20 Greymouth Petroleum Mining Co Ltd v Fletcher Challenge [2001] 2 NZLR 786 at [15].
[91] As Mr Hunter submitted, having had the opportunity to debate the issues (including the exchange of evidence by expert witnesses), the respondents have failed to put forward any viable counter-narrative. The assessment of the directors is that they have the necessary capacity for future investment and growth with the significant capital that is being retained. As Mr Hunter emphasised, only $4.08 million of the $9 million surplus is being returned. There is no probative evidence or legitimate basis for the Court to conclude that the directors’ assessment is wrong. I note also that the NZSA does not oppose the application.
[92] The Scheme was supported by 92.92 per cent of those voting (where the requirement is 75 per cent) and 76.39 per cent of total shares (there is a 50 per cent requirement). Excluding MTL’s shares, 97.73 per cent voted in favour. Only 12 shareholders voted against. It is unlikely that had more fulsome information been available in the shareholder materials that the shareholders would have voted differently. Burger Fuel has no material debt and it retains surplus cash. All these factors support a finding that I should approve the Scheme.
[93] I have given consideration to whether I should order a “further process” be undertaken before making a final decision of whether or not to approve the Scheme. That approach has been adopted in Australia.21 However, in this case I see no utility in that approach, particularly given the complete absence of any plausible or viable counter-narrative.
[94] My decision to approve the Scheme is not an indication that the courts do not regard these process issues as important. For good reason, the Court will always insist about a level of disclosure that enables a shareholder to make a properly informed decision. These obligations must be taken seriously. Ordinarily, process failures of the kind I have identified would likely result in a decision to refuse approval or give rise to an order requiring further steps to be taken. However, the Court retains a discretion and it is necessary to ask whether the process failures are material and/or have caused any prejudice.

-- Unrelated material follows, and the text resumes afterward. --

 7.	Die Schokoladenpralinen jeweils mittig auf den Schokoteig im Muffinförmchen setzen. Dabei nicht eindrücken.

21 Damian and Rich, above n 15; see also Re Missouri NZURI Copper Ltd (No 4) [2020] WASC 10.
Result
[95] I grant the application and make an order approving the Scheme under s 236(1) of the Act.
[96] As to costs, I accept and adopt the submissions of Mr Blanchard KC. The objections raised in this case were not technical and baseless. They were of substance and, in my view, properly and justifiably advanced, even though the respondents were ultimately unsuccessful.

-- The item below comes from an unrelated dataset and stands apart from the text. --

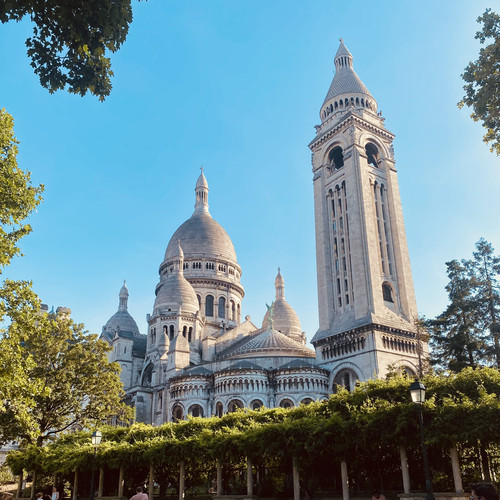 KI generiert: Das Bild zeigt die Basilika Sacré-Cœur in Paris bei sonnigem Wetter. Umgeben von Bäumen und mit klarem Himmel vermittelt es ein eindrucksvolles architektonisches Bild.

[97] Where a person affected by a scheme appears on the hearing of the application to object to that approval, the question of whether that objector’s costs should be paid by the company or the objector should pay the company’s costs of the application, will not be determined by reference to whether the application is successful, but rather to whether the objections were properly and justifiably advanced even though they ultimately failed.22
[98] Accordingly, I order that Burger Fuel is to pay costs to the first respondent, MTL, and on a 2B basis plus disbursements. There is no order for costs in favour of Burger Fuel and no order for costs in respect of the third respondents.
[99] I note that the NZSA does not seek costs. I make no order for costs in relation to NZSA.
[100]There is no order for costs in relation to the Takeovers Panel.
Andrew J
This judgment was delivered by Justice Andrew on 27 May 2024 at 4.00 pm pursuant to r 11.5 of the High Court Rules 2016
Registrar / Deputy Registrar Date ………………………………
22 Heard, above n 8, at [4.5.800], citing Re Arrowfield Group Ltd 17 ACSR 649 (NSWSC); Re Matine Ltd (1998) 28 ACSR 492 (NSWSC); Re Phosphate Resources Ltd (2005) 56 ACSR 169, [2005] FCA 1705.